Bu topraklardan bir çağrıyı tekrarlamak istiyorum. Vatandaşlarımızın yaşlanmadan, gençken, sağlıkları yerindeyken bu ibadeti yapmalarını istiyorum. Kendileri başkalarına yardım edebilecek vaziyette iken hac yapmalılar.

100 bin vatandaşımız bu yıl hacı oldu. Şu anda sıra bekleyen 1 milyon 90 bin vatandaşımız daha var. Gönül isterki bunların hepsine hac ibadeti yaptırılabilelim. Ancka buradaki mekanların darlığı sebebiyle Suudi Aribistan kota uyguluyor. Kotaya yüzünden 5,6 ve 7 yıl sıra bekleyen vatandaşlarımız var. Niyetlendiğinizde sıranın gelmeme ihtimali var. Vaktinde gelmek, erken hareket etmek çok önemlidir. Hac ibadetinin zorluklarını da gençken bu ibadeti yapmayı zorunlu kılıyor. 80 yaşında 100 yaşında da yapılabilir. Ama gençken yapmak daha isabetli olur diye düşünüyorum ' dedi.

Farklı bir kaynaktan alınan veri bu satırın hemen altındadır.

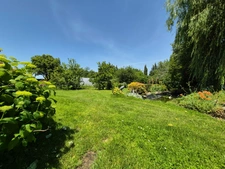 Maison avec nombreuses dépendances, studio et terrain constructible de plus de 3 000 m²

Suriye'de esir olan gazetecilerin kurtarılması için Türkiye Cumhuriyeti olarak bütün kanallardan görüşmeleri sürdürdüklerini anlatan Bozdağ, bu konuda netice almak için her yolun denendiğini bildirdi.

Kabe'deki Osmanlı revaklarının kaldrılıp kaldırılmayacağına ilişkin soruya Bozdağ, ' Revakları kaldırdığınızda genişleme ihtiyacını karşılamıyor. Biz burada büyüme ile alakalı ihtiyaç olduğunu kabul ediyoruz. Ancak revakların olduğu yeri tamamen ortadan kaldırsa, o alanda bir rahatlama olmaz. Orada bakınca revakların tavafın sıkıntısını çözmüyor. Tavaf alanını geliştirmek için bir çalışma yapıldığını biliyoruz. Bir proje hazırlandı. Mescidi nebevi etrafında da bir proje hazırlandı. Revaklar yıkılmadan bir çözüm üretileceğini düşünüyoruz ' cevabını verdi.

Irak'ta birkaç gün gözaltında kalan kasap vizeli vatandaşların durumu ile alakalı da Bozdağ, ' Bu durum Türkiye'nin kusurundan veya Irak'ın yanlışlığından kaynaklanmıyor. Getiren firmaların eksikliğinden mağduriyet oldu. Irak vizesi alınmamış, araçların taşıma belgeleri olmadığından, geçişlerine müsade edilmedi. Dışişleri Bakanlığımız ile Iraklı yetkililer görüşdü. Mutabakata varılarak, onların vize işi çözülerek, kasaplar buraya geldiler ' dedi.

Bayramda Suriye'de ateşkes çağrısının hatırlatılması üzerine de Başbakan Yardımcısı Bozdağ, ' Esat kendi korkularını yenmek için başkalarını ölüme yolluyor. Burada esas olan Esat'ın giderek Suriye halkının talepleri doğrultusunda yeni bir yapılanmanın oluşmasıdır. Bayram öncesi ateşkes ilan edilmesi uygundu. Ancak arazide bu ne kadar uygulandı bunu göreceğiz. Olumsuz bilgiler yansıyor. Ancak bana ulaşan net bir bilgi yok. Geçmişte Annan Planı vardı. Bir takım süreler verildi, fırsat tanınsın, işin ilişkiler yoluyla çözülmesi uygundur dediler. Ama biz Türkiye olarak burada değişecek bir şey olmadığını söyledik. Bu sözümüzü zaman gösterecektir ' diye konuştu.